A. Temyiz Yoluna Başvuranlar

Bölge Adliye Mahkemesinin yukarıda belirtilen kararına karşı süresi içinde davalı-davacı kadın vekili temyiz isteminde bulunmuştur.

B. Temyiz Sebepleri

Davalı-davacı kadın vekili temyiz dilekçesinde özetle; kadına yüklenen kusurlar yönünden erkeğin tanık beyanlarının duyuma dayalı olduğunu, kadının kusurunun bulunmadığını, erkeğin tam kusurlu olduğunu belirterek kusur belirlemesi yönünden kararın bozulmasına karar verilmesini talep etmiştir.

C. Gerekçe

1. Uyuşmazlık ve Hukuki Nitelendirme

Uyuşmazlık, açılan boşanma davasında taraflar arasında ortak hayatı temelinden sarsacak derecede ve birliğin devamında imkan vermeyecek nitelikte bir geçimsizlik bulunup bulunmadığı, geçimsizlik var ise kusurun kimden kaynaklandığı noktasında toplanmaktadır.

2. İlgili Hukuk

4721 sayılı Kanun'un 4 üncü maddesi, 166 ncı maddesinin birinci ve ikinci fıkrası, 6100 sayılı Hukuk Muhakemeleri Kanunu'nun (6100 sayılı Kanun) 190 ncı maddesi, 369 uncu maddesinin birinci fıkrası ile 370 ve 371 inci maddesi.

3. Değerlendirme

1.Bölge Adliye Mahkemelerinin nihai kararlarının bozulması 6100 sayılı Kanun'un 371 inci maddesinde yer alan sebeplerden birinin varlığı hâlinde mümkündür.

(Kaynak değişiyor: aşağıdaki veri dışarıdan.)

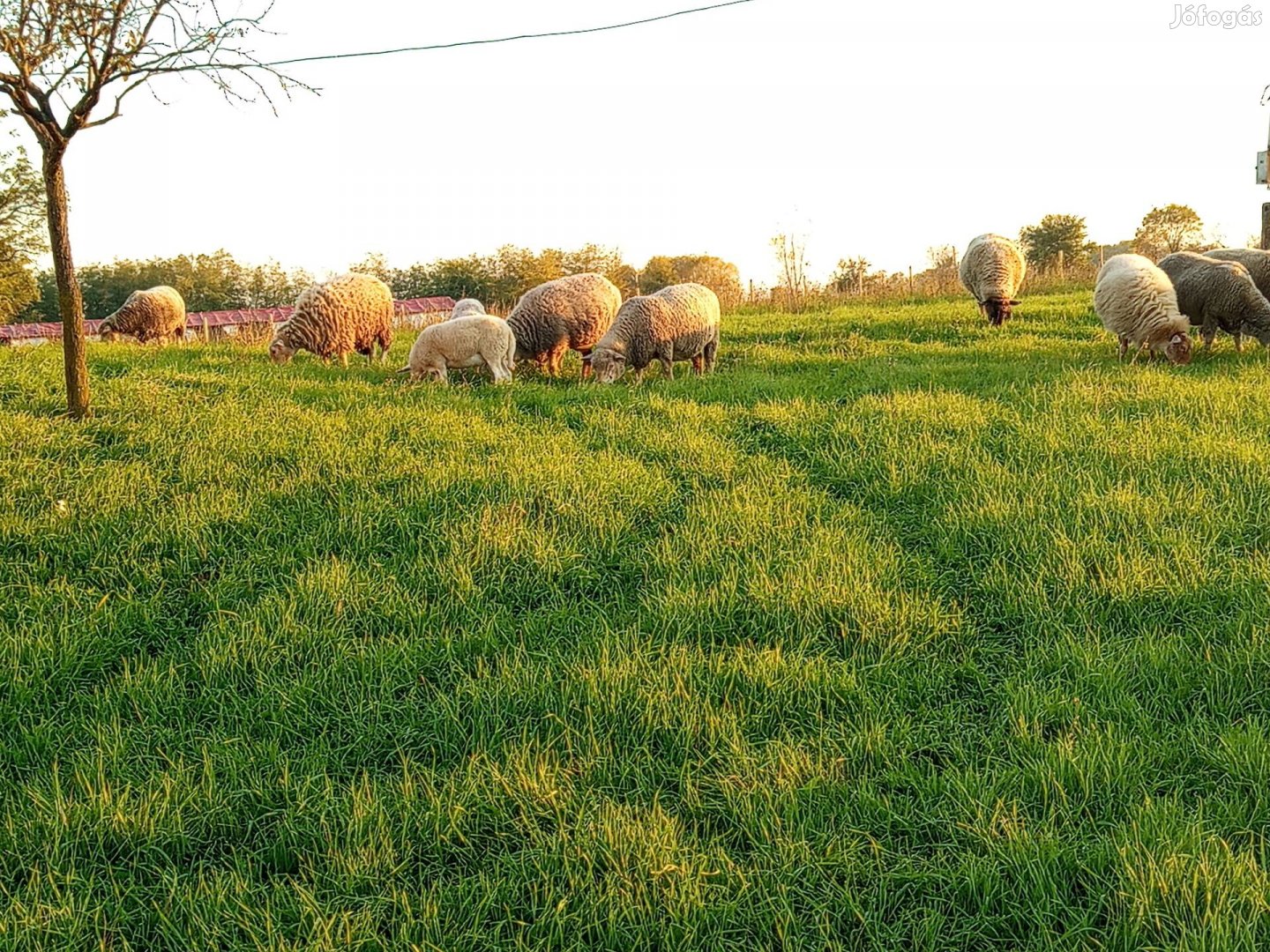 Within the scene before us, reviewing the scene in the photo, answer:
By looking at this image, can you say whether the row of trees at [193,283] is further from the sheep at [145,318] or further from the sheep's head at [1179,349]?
the sheep's head at [1179,349]

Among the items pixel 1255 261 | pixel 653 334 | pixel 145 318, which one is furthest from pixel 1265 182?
pixel 145 318

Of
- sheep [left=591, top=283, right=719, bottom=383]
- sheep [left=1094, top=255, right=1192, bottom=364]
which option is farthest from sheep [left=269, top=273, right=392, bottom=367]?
sheep [left=1094, top=255, right=1192, bottom=364]

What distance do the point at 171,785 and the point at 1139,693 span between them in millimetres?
3873

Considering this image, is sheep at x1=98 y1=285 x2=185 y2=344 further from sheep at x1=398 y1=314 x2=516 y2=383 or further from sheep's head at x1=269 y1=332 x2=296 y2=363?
sheep at x1=398 y1=314 x2=516 y2=383

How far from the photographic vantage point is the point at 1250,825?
2586 millimetres

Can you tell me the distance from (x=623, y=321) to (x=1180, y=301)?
7.98m

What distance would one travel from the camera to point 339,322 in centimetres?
1129

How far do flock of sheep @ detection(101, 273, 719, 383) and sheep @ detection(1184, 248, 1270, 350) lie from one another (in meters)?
6.65

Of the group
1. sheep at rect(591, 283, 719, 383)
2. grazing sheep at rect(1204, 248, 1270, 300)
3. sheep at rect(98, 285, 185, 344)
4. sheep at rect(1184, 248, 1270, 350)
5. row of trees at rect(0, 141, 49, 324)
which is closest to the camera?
sheep at rect(591, 283, 719, 383)

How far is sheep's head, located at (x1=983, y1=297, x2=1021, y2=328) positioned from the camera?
14.2 meters

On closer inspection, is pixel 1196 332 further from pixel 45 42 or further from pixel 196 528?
pixel 45 42

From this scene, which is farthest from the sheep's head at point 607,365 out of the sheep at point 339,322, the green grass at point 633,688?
the sheep at point 339,322

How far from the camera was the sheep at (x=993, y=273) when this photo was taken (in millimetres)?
14234

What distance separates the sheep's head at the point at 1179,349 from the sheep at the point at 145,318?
2088 centimetres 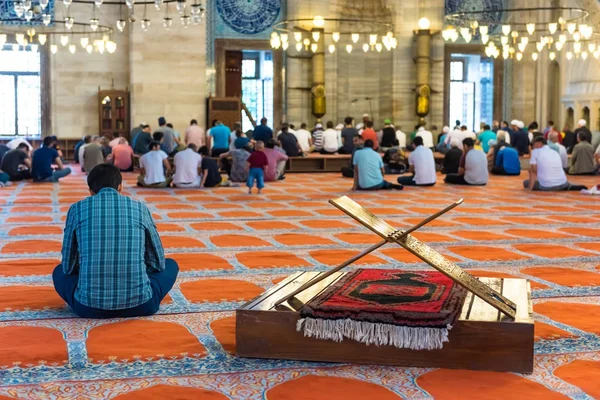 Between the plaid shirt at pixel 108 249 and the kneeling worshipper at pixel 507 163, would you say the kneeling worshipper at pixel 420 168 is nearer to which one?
the kneeling worshipper at pixel 507 163

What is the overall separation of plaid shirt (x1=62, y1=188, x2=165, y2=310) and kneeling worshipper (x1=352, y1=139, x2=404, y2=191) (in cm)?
655

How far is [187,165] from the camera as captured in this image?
1028 cm

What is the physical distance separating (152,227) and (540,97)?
48.7 ft

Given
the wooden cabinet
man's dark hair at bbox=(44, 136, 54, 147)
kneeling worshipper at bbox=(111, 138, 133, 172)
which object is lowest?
kneeling worshipper at bbox=(111, 138, 133, 172)

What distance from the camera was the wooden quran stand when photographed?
2.77 m

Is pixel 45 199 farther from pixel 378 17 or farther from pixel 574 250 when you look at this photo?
pixel 378 17

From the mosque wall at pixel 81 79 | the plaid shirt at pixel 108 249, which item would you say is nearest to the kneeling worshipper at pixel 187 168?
the mosque wall at pixel 81 79

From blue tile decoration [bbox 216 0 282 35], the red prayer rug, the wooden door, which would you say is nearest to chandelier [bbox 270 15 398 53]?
blue tile decoration [bbox 216 0 282 35]

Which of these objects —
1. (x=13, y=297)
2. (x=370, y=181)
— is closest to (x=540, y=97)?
(x=370, y=181)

2.Temyizen incelenen karar, tarafların karşılıklı iddia ve savunmalarına, dayandıkları belgelere, uyuşmazlığa uygulanması gereken hukuk kuralları ile hukuki ilişkinin nitelendirilmesine, dava şartlarına, yargılama ve ispat kuralları ile kararda belirtilen gerekçelere göre usul ve kanuna uygun olup davalı-davacı kadın vekilince temyiz dilekçesinde ileri sürülen nedenler kararın bozulmasını gerektirecek nitelikte görülmemiştir.

VI. KARAR

Açıklanan sebeplerle;

Temyiz olunan Bölge Adliye Mahkemesi kararının 6100 sayılı Kanun'un 370 inci maddesinin birinci fıkrası uyarınca ONANMASINA,

Aşağıda yazılı temyiz giderinin temyiz edene yükletilmesine,

Dosyanın İlk Derece Mahkemesine, kararın bir örneğinin Bölge Adliye Mahkemesine gönderilmesine,04.06.2024 tarihinde oy birliğiyle karar verildi.